> **Your goal**
Starting at the line that contains "GRAINNE Bộ vòng" and stopping after the line that contains "Elegant Natural Stone LED Ceiling Light", transcribe the listing below exactly; do not include any pictures.

> **The data**
>>

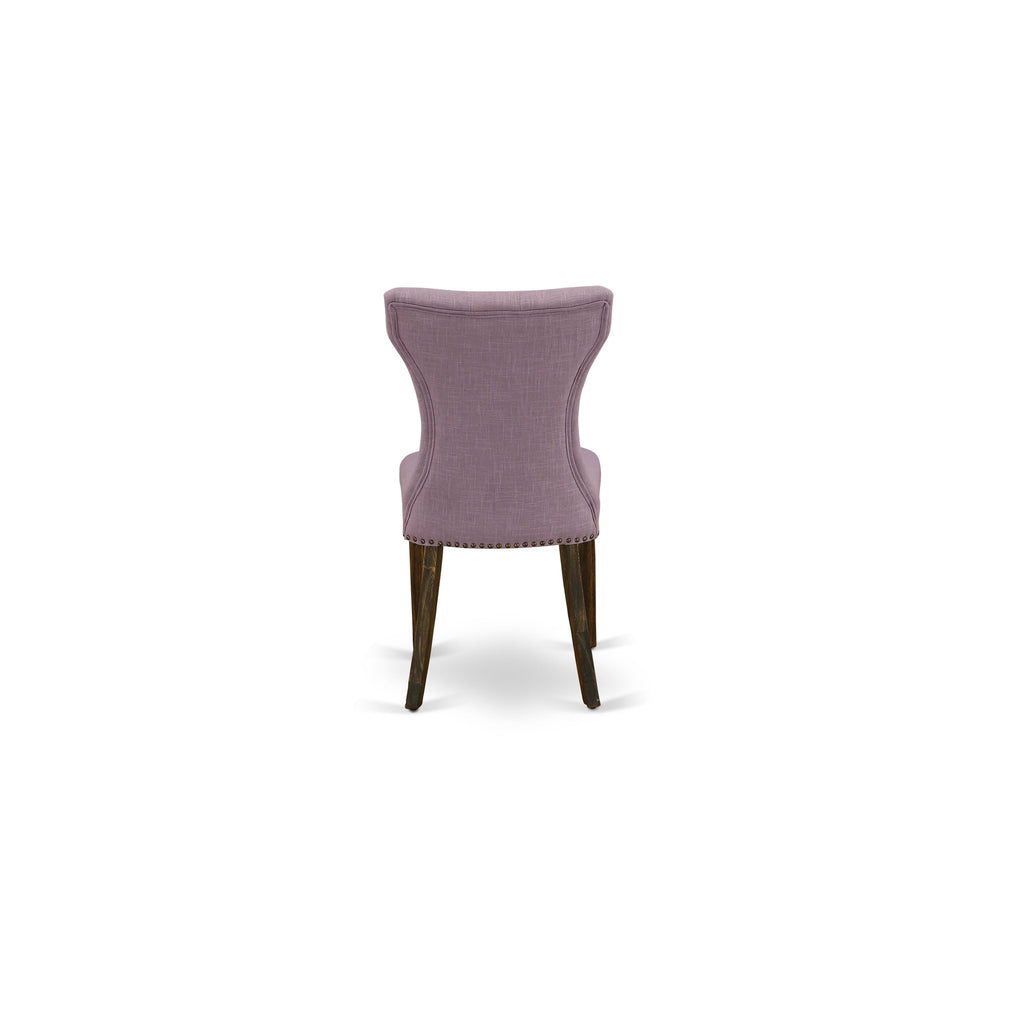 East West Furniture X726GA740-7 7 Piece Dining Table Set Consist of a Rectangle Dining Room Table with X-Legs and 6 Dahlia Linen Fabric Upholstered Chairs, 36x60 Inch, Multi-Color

<<
>>

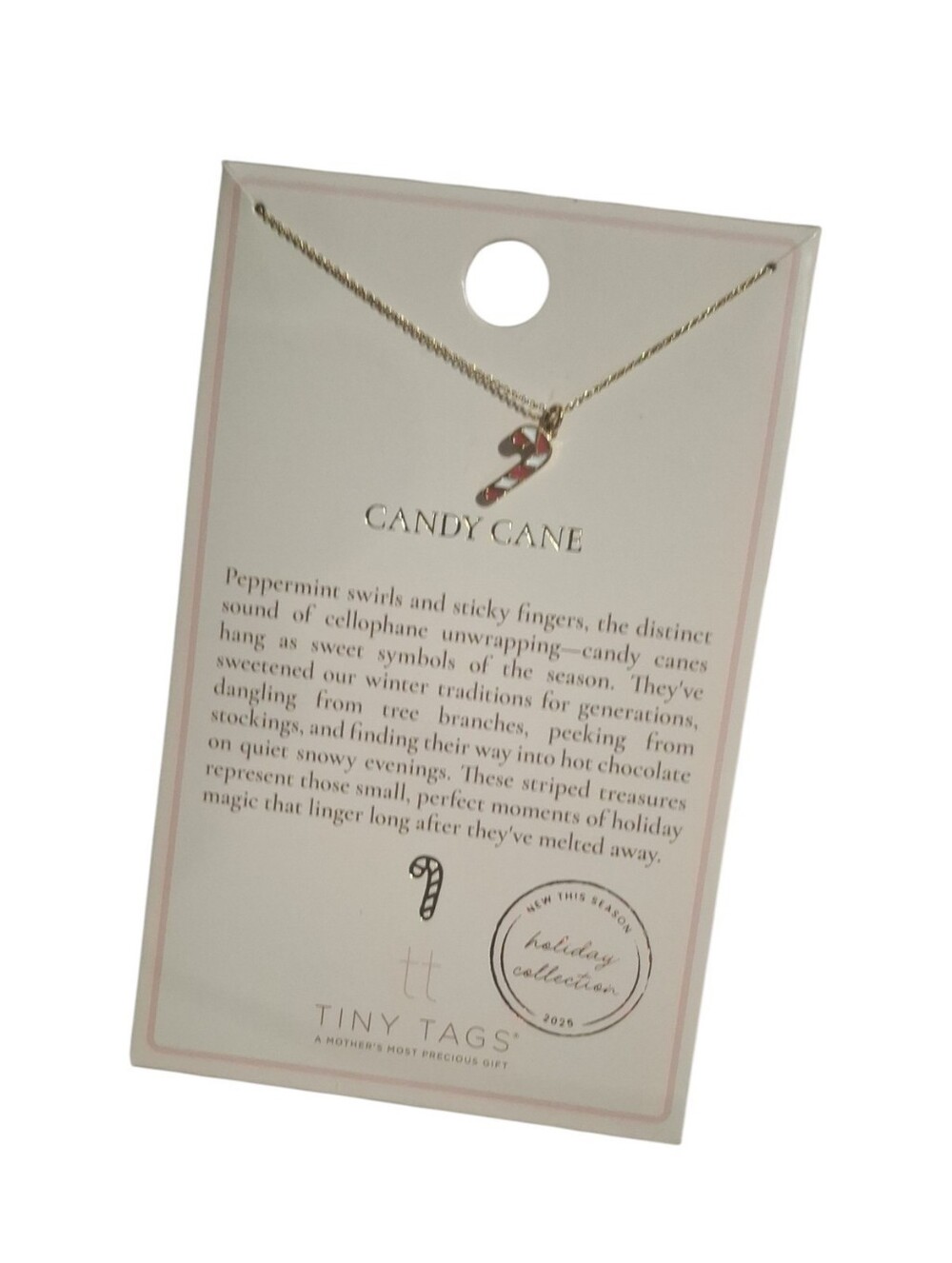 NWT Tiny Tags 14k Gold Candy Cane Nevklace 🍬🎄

<<
>>

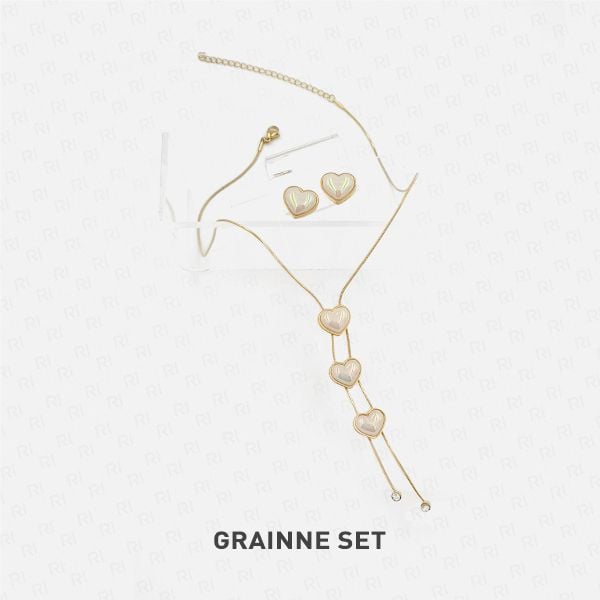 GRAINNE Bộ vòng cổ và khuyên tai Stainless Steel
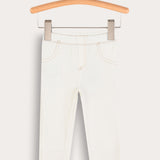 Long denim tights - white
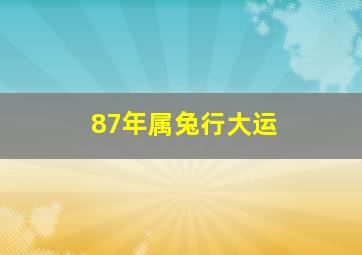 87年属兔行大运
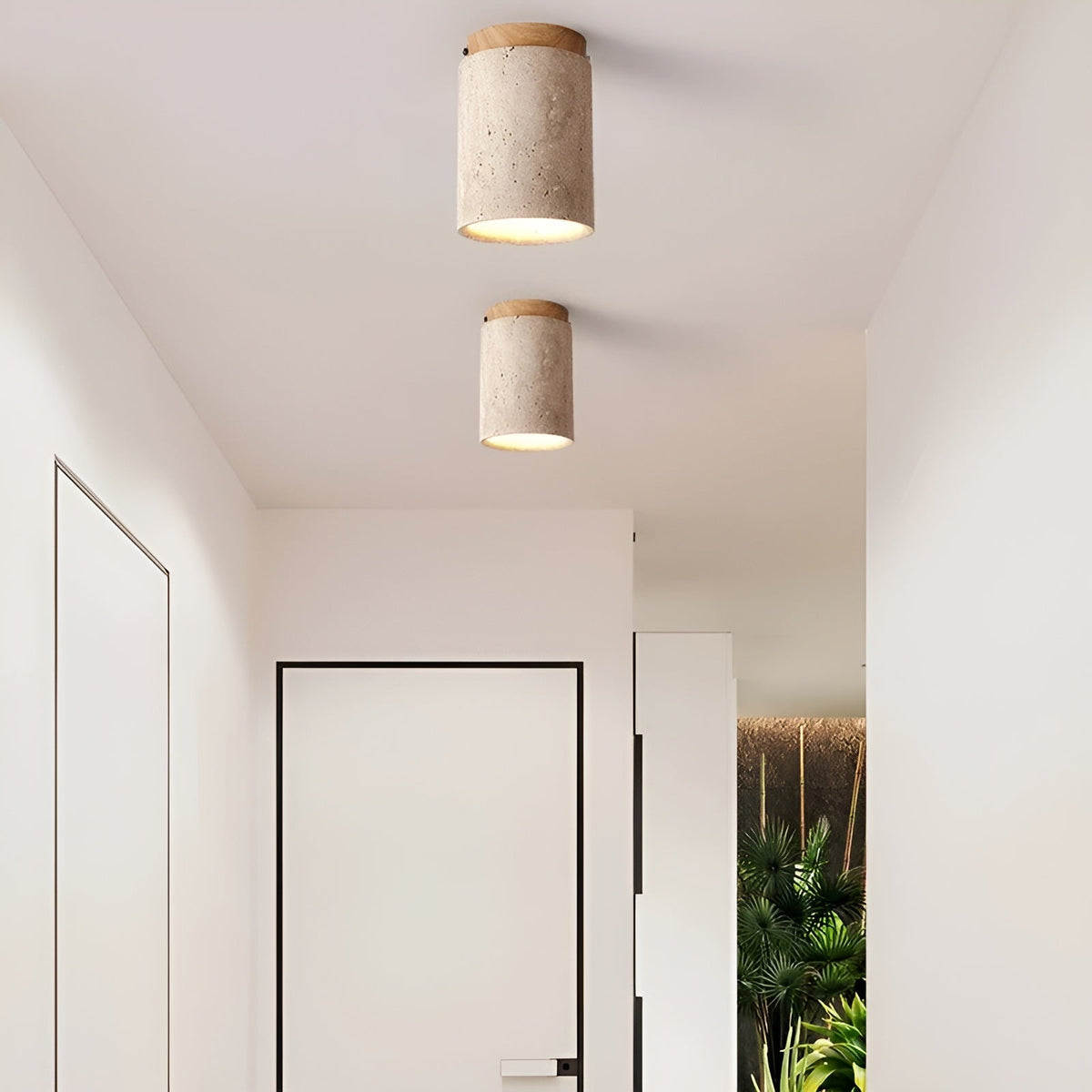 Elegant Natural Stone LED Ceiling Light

<<

> **Task output**
 GRAINNE Bộ vòng cổ và khuyên tai Stainless Steel
 Long denim tights - white
 87年属兔行大运
 Elegant Natural Stone LED Ceiling Light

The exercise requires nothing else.